# Lucky #7 Turkey Box Call



## ghost1066 (Jan 3, 2014)

This was a just to see if I could do it call. It is a spalted elm body with black walnut sides and paddle inlaid with poplar and some black mystery wood. I took a pair of dice and thinned them down to under 1/8" then inlaid them in the paddle. I added a small strip of bocote to the end of the body and then a cap of walnut.

Reactions: Like 4


----------



## ghost1066 (Jan 3, 2014)

goslin99 said:


> Is there anything you don't make?? Nice!



Yep money.

Reactions: Like 3


----------



## longbeard (Jan 3, 2014)

Awesome looking call Tommy. Love the dice, inlays, great job.
If i may ask, how much do you charge for your calls


Harry


----------



## ghost1066 (Jan 3, 2014)

longbeard said:


> Awesome looking call Tommy. Love the dice, inlays, great job.
> If i may ask, how much do you charge for your calls
> 
> 
> Harry


Thanks Harry, They start around $45 for an ERC and go up depending on what someone wants. Most run $60-$75 high end is $150


----------



## Wildthings (Jan 3, 2014)

I bet this one is $200 - Man great work and idea on the dice that is sweet!!


----------



## dukdawg999 (Jan 4, 2014)

Very nice looking call.


----------



## Shagee415 (Jan 4, 2014)

Man that thing is nice. One day will have to try my hand at one of those. Just wouldnt know where to start. LOL


----------



## windyridgebowman (Jan 4, 2014)

Do you do any trading Tommy? I love the call.

Reactions: Like 1


----------



## ghost1066 (Jan 4, 2014)

windyridgebowman said:


> Do you do any trading Tommy? I love the call.

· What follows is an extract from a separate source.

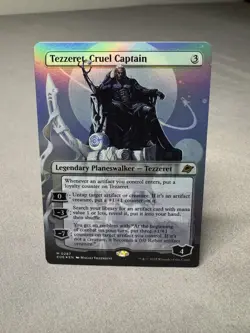 Tezzeret, Cruel Captain (Borderless) Edge of Eternities Foil - Image 1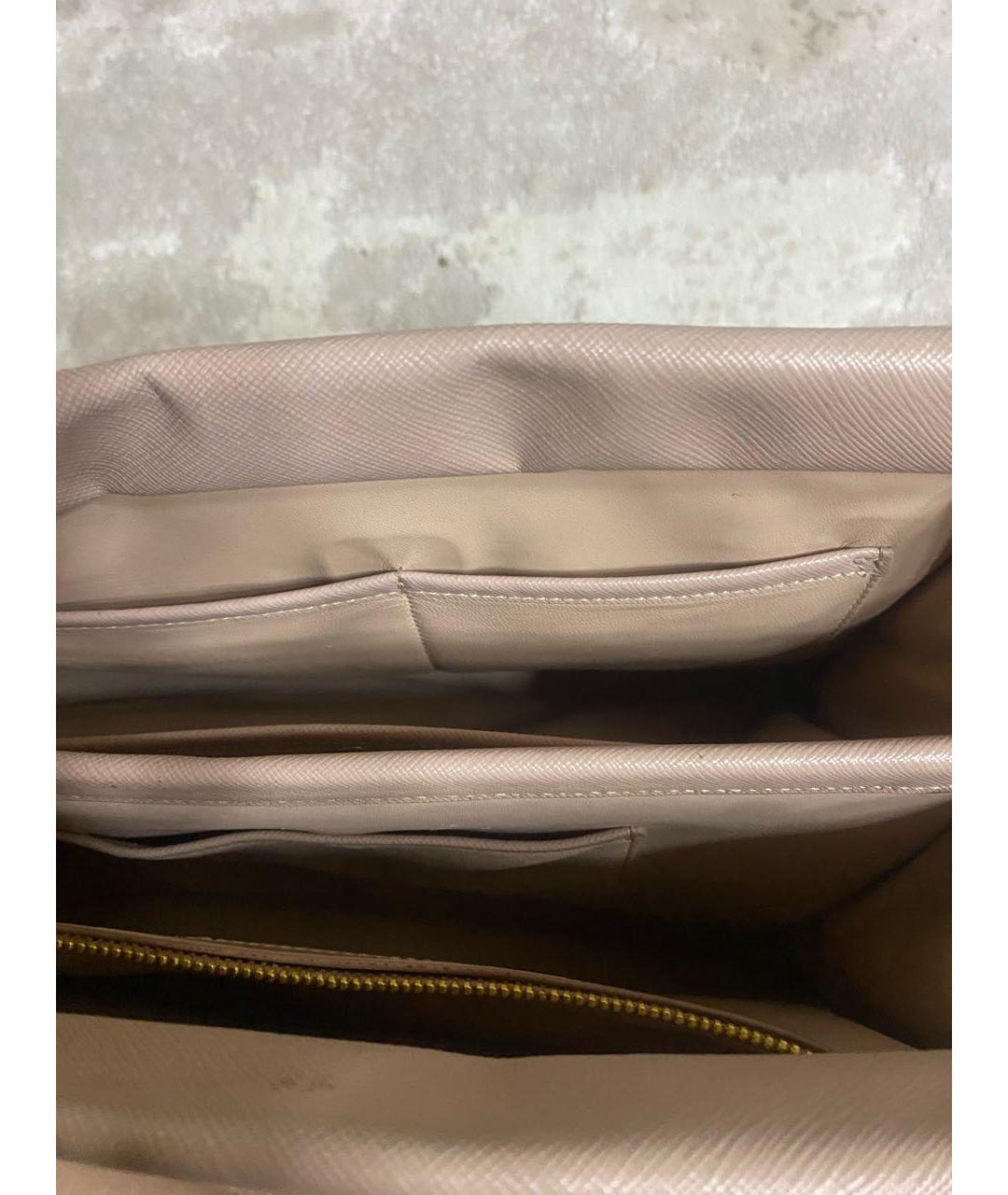 PRADA Красная кожаная сумка тоут, фото 4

Always up for a trade but it wouldn't be this exact call. I sold it but the guy that bought it said it couldn't have dice on it so I still have the paddle and am finishing a similar body. It has spalted maple body and walnut sides but no inlay on sides. But I can always build something just for you that is not a problem.


----------



## windyridgebowman (Jan 5, 2014)

If you want, we can work something out and take it to the trade forum. Pm me what sizes you would be interested in, and I will tell you what I have. thanks Chuck.


----------



## ghost1066 (Jan 5, 2014)

Sounds good start a thread and we will get you something going. What I can use most is just call blank sizes in some wood I don't have we will work out the details.


----------